● **Listed records**:
—————
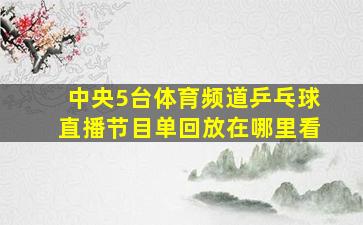 中央5台体育频道乒乓球直播节目单回放在哪里看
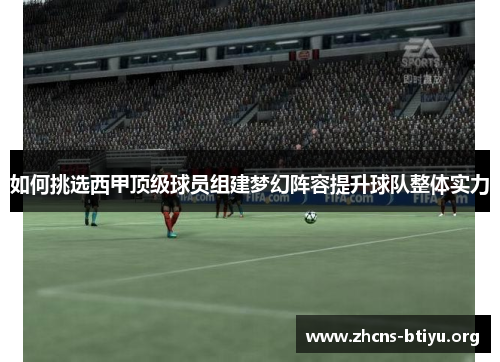如何挑选西甲顶级球员组建梦幻阵容提升球队整体实力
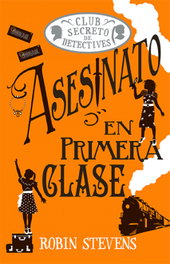 Asesinato en primera clase (Cozy Mystery Juvenil), Robin Stevens - EDITORIAL ALMA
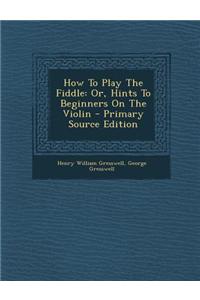 How to Play the Fiddle: Or, Hints to Beginners on the Violin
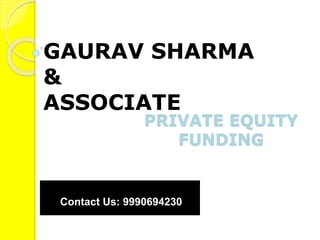PRIVATE EQUITY
FUNDING
GAURAV SHARMA
&
ASSOCIATE
Contact Us: 9990694230
 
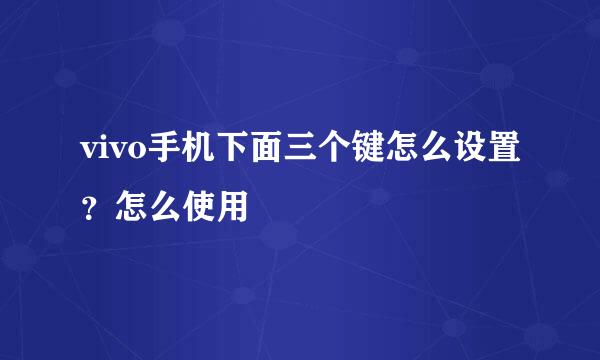vivo手机下面三个键怎么设置？怎么使用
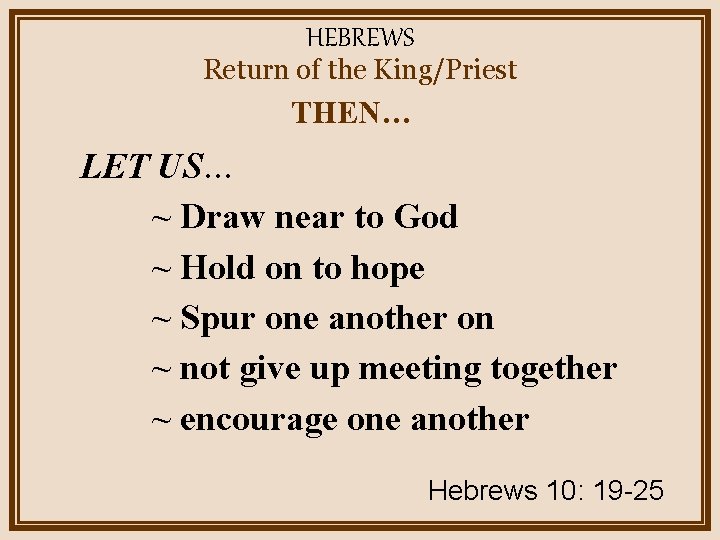 HEBREWS Return of the King/Priest THEN… LET US… ~ Draw near to God ~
—————
● **Goal of the exercise**:
Write out an exact reproduction of the lines from the line that holds "vivo手机下面三个键怎么设置？怎么使用" to the bottom of the listing above, both ends included. Exclude pictures.

● **Solved problem**:
vivo手机下面三个键怎么设置？怎么使用
 HEBREWS Return of the King/Priest THEN… LET US… ~ Draw near to God ~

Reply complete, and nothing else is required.